We have used the oven cleaner and it does work, there is also a steam iron cleaner that is sold at fabric stores (Joann's) that is suppose to work very well also, here's an old thread that may help you.

http://www.t-shirtforums.com/heat-press-heat-transfers/t28569.html

Hope this helps.


----------



## proworlded (Oct 3, 2006)

E-Z Off is an iron cleaner that can be used on the heat press heating platen. Easy Off is an oven cleaner. Do NOT use an oven cleaner on the heat press.


----------



## Stoney1 (Jun 22, 2010)

Hey Jon
Thanks for the info. and the link. God bless..
Dave


----------



## Stoney1 (Jun 22, 2010)

Thanks Ed
I can't thank the great folks here at TSF for all their help. But I think I may be confusing people here on the forum??? I wasn't trying to find out how to remove INK, I was asking what to use to remove part of a heat transfer that I managed to stick to the top platen ? I did manage to remove it with Acrylic Enamel reducer from an automotive supply store and some 0000 Steel Wool.
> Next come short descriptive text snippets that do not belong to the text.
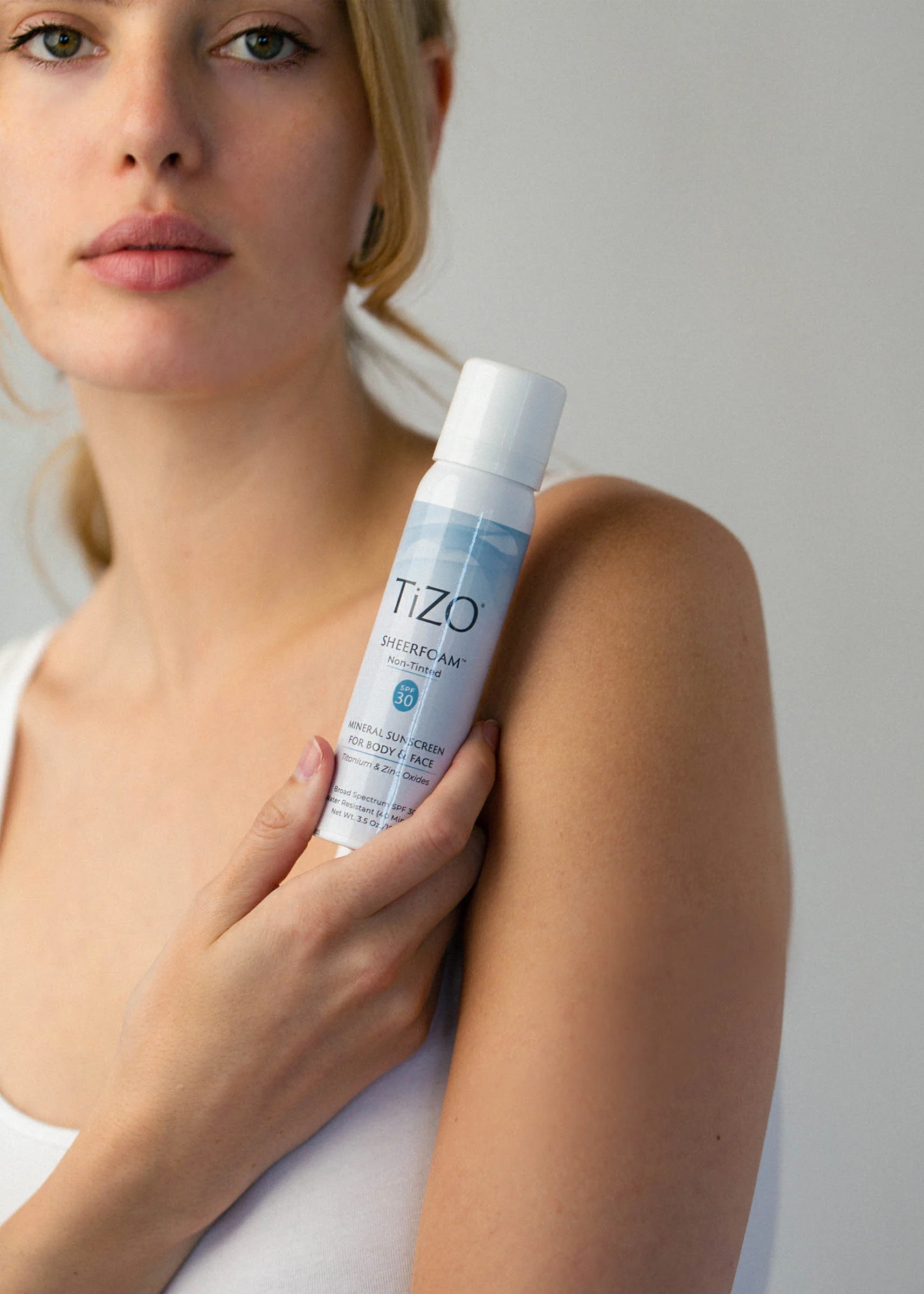 tizo_sheer_foam_nontinted_lifestyle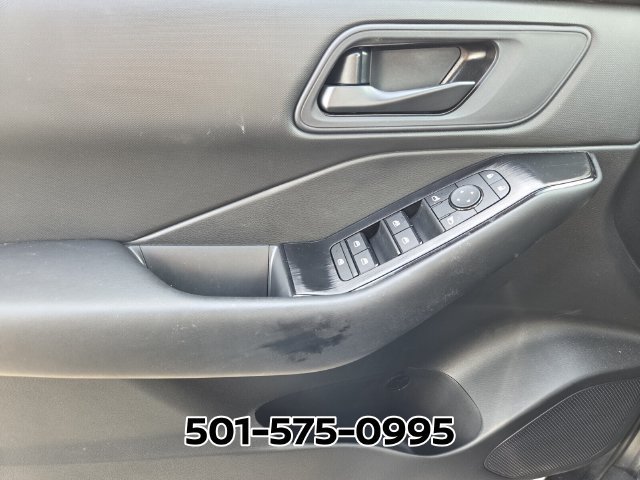 Used 2026 Nissan Rogue S FWD image 31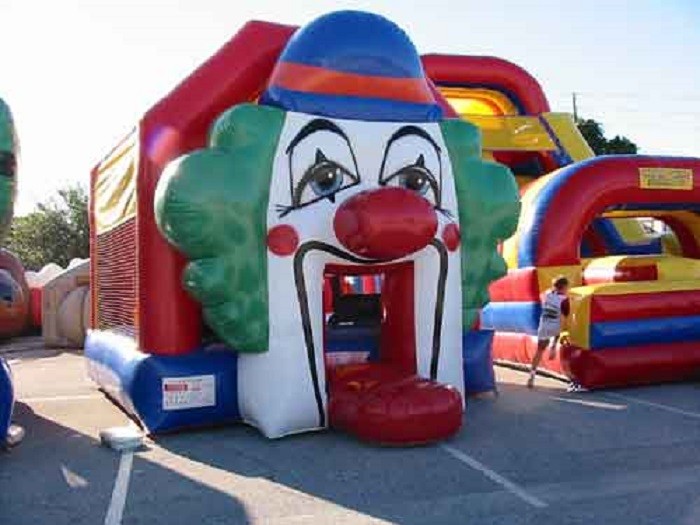 Buy cheap Funny Clown Commercial Jumping Castles Bounce Houses For Kids from wholesalers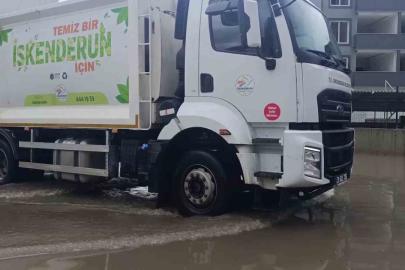 Göle dönen yol yüzünden derse gidemeyen üniversite öğrencisi "Derse gelemeyeceğim" diyerek hocasına seslendi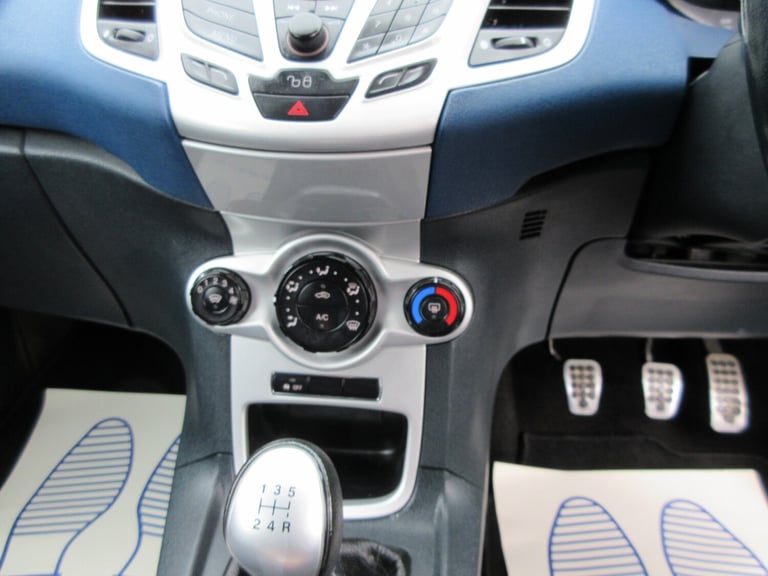 2010 Ford Fiesta 1.6 Zetec S 3dr HATCHBACK Petrol Manual
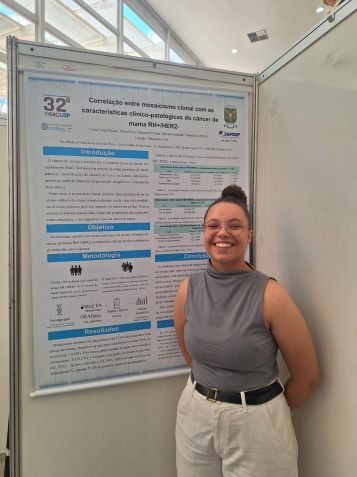 Lívia Luisa Pinaso, de 23 anos, é estudante de Medicina e pesquisadora na USP • Arquivo pessoal/Lívia Luisa Pinaso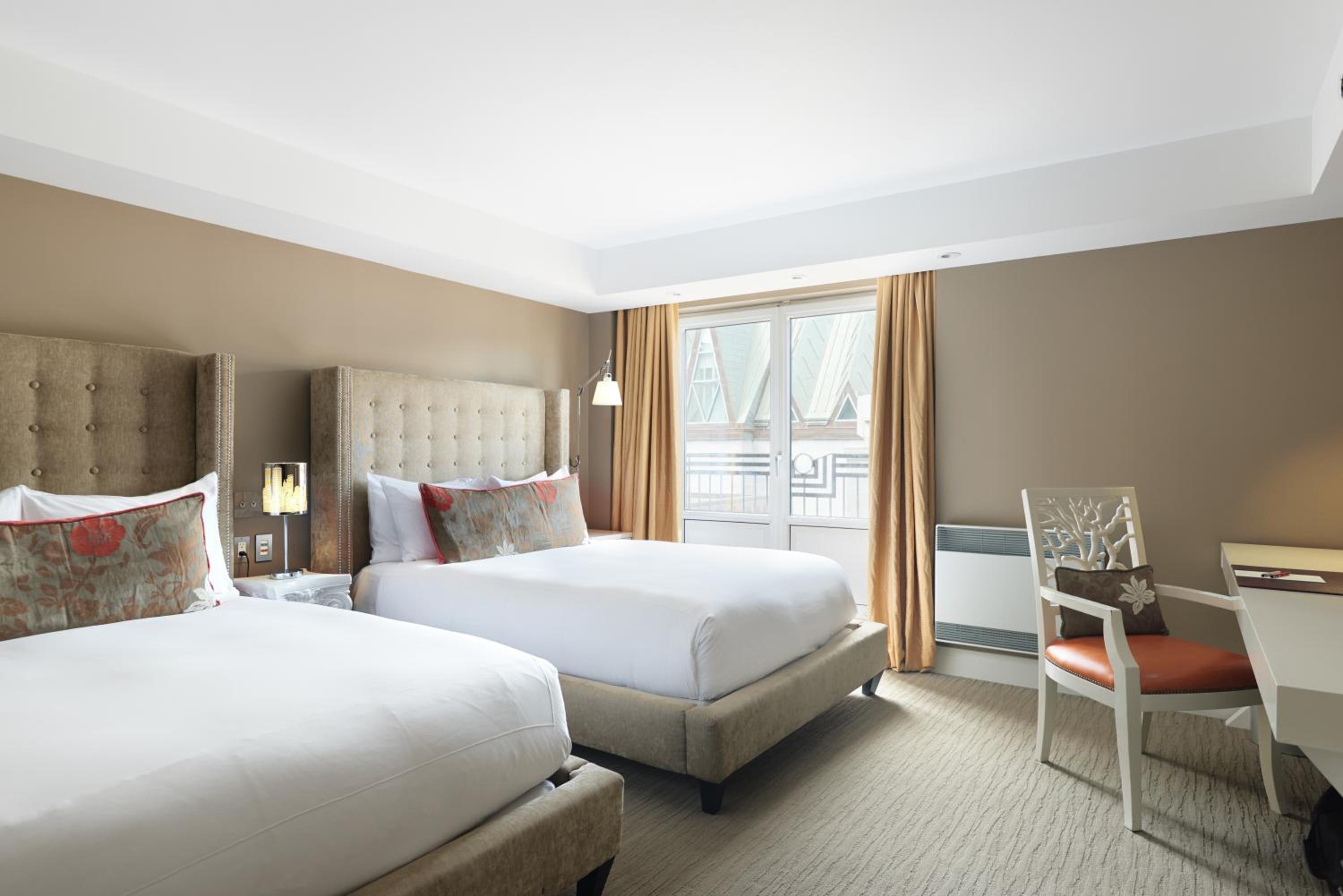Comfort Double Room with Two Double Beds - Photo 6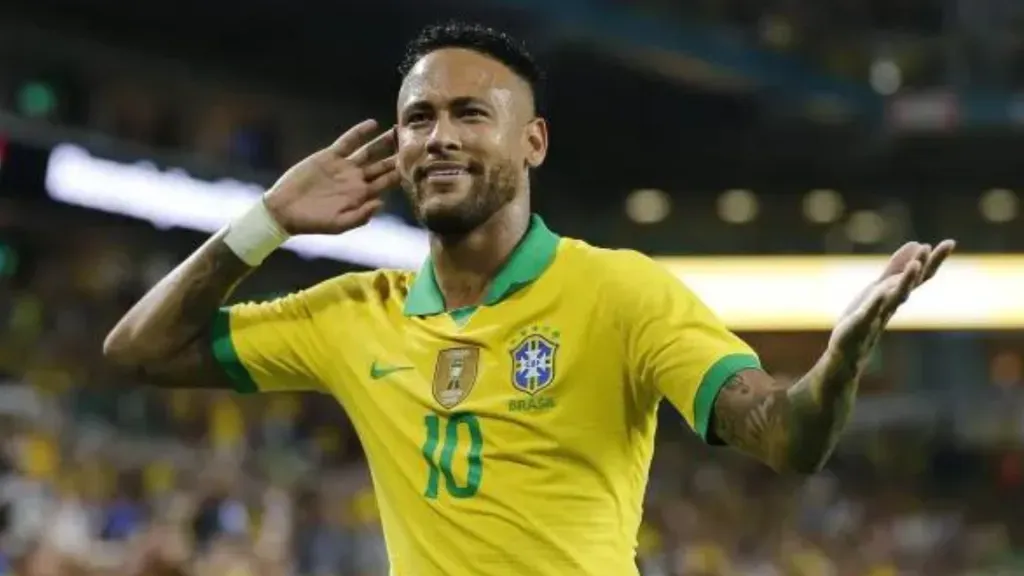 Neymar Jr. durante jogos em estádio – Foto: Michael Reaves/Getty Images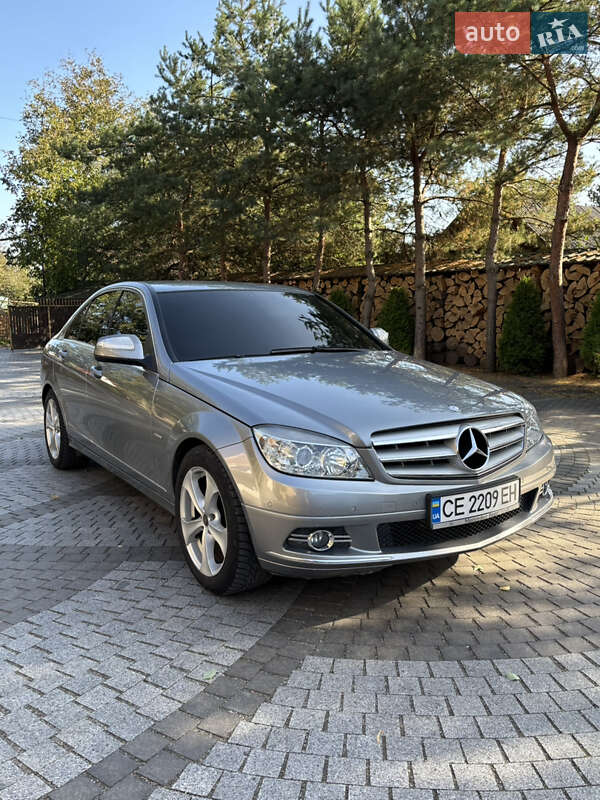 Седан Mercedes-Benz C-Class 2007 в Черновцах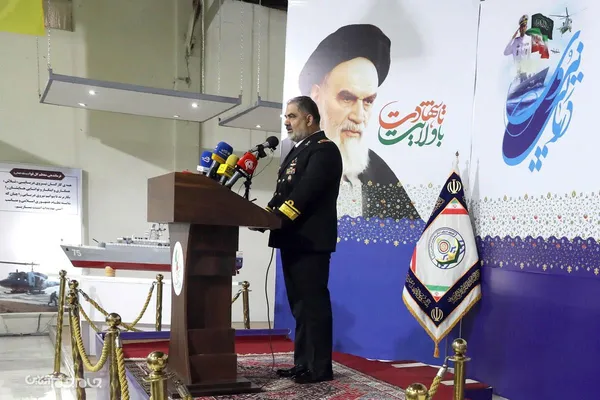 نشست خبری امیر دریادار ایرانی به&zwnj;مناسبت هفتم آذرماه روز نیروی دریایی ارتش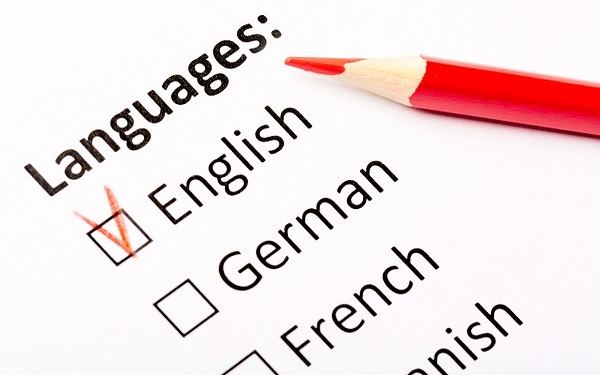Inglés B2 (II) Dirigido a<br><br> Profesionales de cualquier sector laboral.<br><br> Descripción<br><br> Con este contenido de curso profesional el alumnado podrá utilizar el idioma de forma sencilla pero adecuada y eficaz, siendo capaz de comprender, expresarse e interactuar, tanto en forma hablada como escrita, en situaciones cotidianas, que requieran comprender y producir textos breves, en diversos registros y en lengua estándar, que versen sobre aspectos básicos concretos de temas generales y que contengan expresiones, estructuras y léxico de uso frecuente.<br><br> COMPETENCIAS<br><br> 1.Comprender lo suficiente como para satisfacer necesidades básicas, identificando la intención comunicativa, el asunto, los puntos principales y el registro, formal o informal, dentro de lo estándar, de mensajes breves, claros y sencillos, contextualizados y sobre asuntos conocidos.<br> 2.Extraer la información esencial y los puntos principales de mensajes grabados o emitidos por medios audiovisuales, sobre asuntos cotidianos contextualizados, pronunciados con claridad, en buenas condiciones acústicas y siempre que exista la posibilidad de volver a escuchar algunas partes más difíciles.<br> 3.Producir intervenciones comprensibles, adecuadas y coherentes para cumplir las funciones básicas de comunicación y las relacionadas con sus intereses.<br> 4.Utilizar un repertorio lingüístico básico pero suficiente para hacerse comprender, aunque con un control todavía limitado, con necesidad de pausas, reformulaciones, gestos y apoyo gráfico.<br> 5.Captar la intención comunicativa, el sentido global, los puntos principales y detalles relevantes, el registro, formal o informal dentro de lo estándar, de correspondencia personal habitual, así como de textos sencillos sobre temas cotidianos, apoyándose en el contexto, el reconocimiento de la estructura y la disposición gráfica.<br> 6.Localizar información específica en listados, anuncios, periódicos, páginas web, etc.<br> y entender normas o instrucciones sencillas, de seguridad, de uso de un aparato, etc.<br> 7.Escribir mensajes y textos sencillos, relativos a aspectos concretos conocidos, adecuados a la situación de comunicación, en un registro neutro y con un control limitado de los recursos lingüísticos.<br> 8.Organizar los textos y cohesionarlos con recursos elementales, respetando razonablemente las convenciones del lenguaje escrito.<br> 9.Realizar intercambios sencillos, sin mucho esfuerzo y de manera eficaz, y participar activamente en conversaciones relacionadas con situaciones de comunicación habituales, personales o profesionales, utilizando un lenguaje estándar y con la ayuda de los interlocutores.<br> 10.Comprender y escribir notas, mensajes breves o cartas sencillas, así como mensajes rutinarios de carácter social, adecuados a la situación de comunicación, utilizando una organización y cohesión elemental, un registro neutro y un control limitado de los recursos lingüísticos, reconociendo y utilizando los formatos y las convenciones de esos tipos de escritos.<br> 11.Conocer los aspectos socioculturales y las convenciones sociales más relevantes en la vida diaria, así como los referidos al propio ámbito, con el fin de plasmarlos en su comportamiento y comunicación.<br> 12.Reconocer y utilizar las fórmulas de saludo, de cortesía y de tratamiento más habituales.<br> 13.Utilizar un registro formal e informal, básico pero cuidado, en lengua estándar y reconocer algunas expresiones coloquiales de uso frecuente, así como referencias culturales elementales relacionadas con la vida cotidiana.<br> 14.Comprender los gestos, comportamientos y valores diferentes a los propios, que subyacen en los aspectos socioculturales más cotidianos y evidentes.<br> 15.Alcanzar un repertorio suficiente de exponentes lingüísticos par a las funciones del nivel y utilizar con corrección las fórmulas y estructuras aprendidas.<br> 16.Conseguir un control limitado en la construcción del lenguaje, con los posibles errores sistemáticos del nivel.<br> 17.Pronunciar de forma clara y comprensible, aunque resulte evidente el acento extranjero.<br> 18.Escribir con corrección ortográfica el lenguaje común trabajado.<br> Apropiación de la terminología necesaria.<br><br> CRITERIOS DE EVALUACIÓN (Objetivos)<br><br> 1.Extraer la información esencial, los puntos principales e información específica de textos orales breves, de estructura sencilla y léxico de uso frecuente, sobre asuntos cotidianos, transmitidos de viva voz o por medios técnicos, articulados con claridad a una velocidad lenta, en un registro formal o neutro, en contextos no interactivos.<br> 2.Comprender mensajes breves, claros y sencillos, en lengua estándar, dentro de un contexto conversacional y sobre asuntos y aspectos conocidos, en un grado que permita satisfacer las necesidades básicas e identificar el tema, los puntos principales y las intenciones comunicativas, así como el registro formal o informal, con posibilidad de solicitar repeticiones o aclaraciones.<br> 3.Realizar intervenciones breves y sencillas, comprensibles, adecuadas y coherentes, relacionadas con sus intereses y con las necesidades de comunicación más inmediatas previstas en el programa, en un registro neutro, todavía con pausas e interrupciones, con un repertorio y control limitado de los recursos lingüísticos y con el apoyo de comunicación gestual.<br> 4.Participar en conversaciones relacionadas con las situaciones de comunicación más habituales, previstas en el programa, de forma sencilla pero adecuada, reaccionando y cooperando, siempre que su interlocutor también coopere, hable despacio, con claridad y se puedan solicitar aclaraciones.<br> 5.Extraer el sentido general, los puntos principales e información específica de textos escritos breves, de estructura sencilla y léxico de uso frecuente, en un registro formal o neutro, sobre asuntos cotidianos, pudiendo releer cuando lo necesite.<br> 6.Localizar e identificar información específica y relevante en material publicitario, divulgativo, de consulta, etc.<br> así como comprender instrucciones de uso sencillas sobre aspectos de ámbito común.<br> 7.Identificar el sentido general e información relevante de textos descriptivos, explicativos y argumentativos, escritos con claridad y bien organizados, en los que se utilicen estructuras sencillas.<br> 8.Escribir textos sencillos, relativos a aspectos cotidianos concretos, adecuados a la situación de comunicación, con una organización y cohesión básicas, en un registro neutro y con un control limitado de los recursos lingüísticos.<br> 9.Comprender y escribir notas, cartas y mensajes sencillos, así como mensajes rutinarios de carácter social, adecuados a la situación de comunicación, con una organización y cohesión básicas, utilizando un registro neutro y con un repertorio y control limitado de los recursos, mostrando una actitud positiva y respetuosa hacia las opiniones y los rasgos culturales distintos de los propios.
Press works fine now, no damage. God bless.
Dave


----------



## pegasus69 (Jul 31, 2007)

You can get EZ off platen cleaner here: http://www.heatpressessentials.com/
and you might want to get the upper platen cover there too.


----------



## Stoney1 (Jun 22, 2010)

Howdy Eileen
Thank you very much for the info., link, and what a great idea about the Teflon top cover... I'd never have to worry about forgetting to put the Teflon over my transfer before I press.. COOL ! AND, I'll never again have to clean transfer off my heat platen ! See.. it's great folks like you that keep me comin' back for help  God bless.
Dave


----------



## proworlded (Oct 3, 2006)

Dave. The only problem with the Teflon cover is that it can absorb some of the heat and does not provide a completely flat hard surface.. We do not recommend their use.


----------



## Stoney1 (Jun 22, 2010)

Ed
WOW... This has always been my biggest fear about looking for advice as a " newbie " on ANY forum ? There seems to always be as many schools of thought as there are people subscribing to that particular thread ? Actually, I'm completely at a loss, and if you asked my wife, she'd tell you that doesn't happen often ? I see the pros and cons to every avenue of reason I've received here, and still I'm confused ? I'm starting to believe it's like reading the movie reviews, unless you actually *go* see the movie, you don't know whether to trust the review ? I'm certainly not passing judgement on ANY ONE'S skill or advice level... However, if I have 10 different views on the same subject, then I'm no better off than when I started... I'd just be " wingin' it." Thanks to everyone on the forum and God bless... I'll be lurking in the shadows...
Dave


----------



## proworlded (Oct 3, 2006)

Dave. The old adage 'experience is the best teacher' definitely fits in this industry. There are so many different heat presses, transfers, and application methods that it will take a little some time to find your 'groove' and achieve the results that you want. It's not a bad idea to cut up some transfers and apply them to pieces of cloth, old shirts, etc. to find out what works best for you.


----------



## Ib4E (Aug 21, 2008)

Dont fret ! I always suggest that a cover sheet be used when pressing. This is not the same as a heater cover. The heater cover stays on the heater 100% of the time. As Ed stated, the surface can get wrinkles, steal heat and cause pressing issues. There are two MAIN types of cover sheets. One is a silicon coated kraft paper. The other is a teflon sheet. I cover all of my garments with one of these before pressing. The heater never touches the graphic/garment therefore dirt and such are not tranferred between each other. Also, if you do make a boo boo and flip something upside down, the heater is safe.
The difference in the two:
Kraft paper can take the shine out of a really shiny vinyl print. It "dulls" the finish a tiny bit, giving a nice look.
Teflon sheets actually shine up a graphic. The teflon sheet will outlast the kraft paper, but the paper is very inexpensive...and comes in packs of 25 or more.

Hang in there!


----------



## pegasus69 (Jul 31, 2007)

The teflon cover in the provided link is exactly like the one most people use anyway. It's very thin, just like the stuff I got when I purchased my phoenix. And the reputable dealer is the one who recommended it. It is just cut a little larger so that it will wrap around the outside edge of the press and is held in place by 6 strong magnets. 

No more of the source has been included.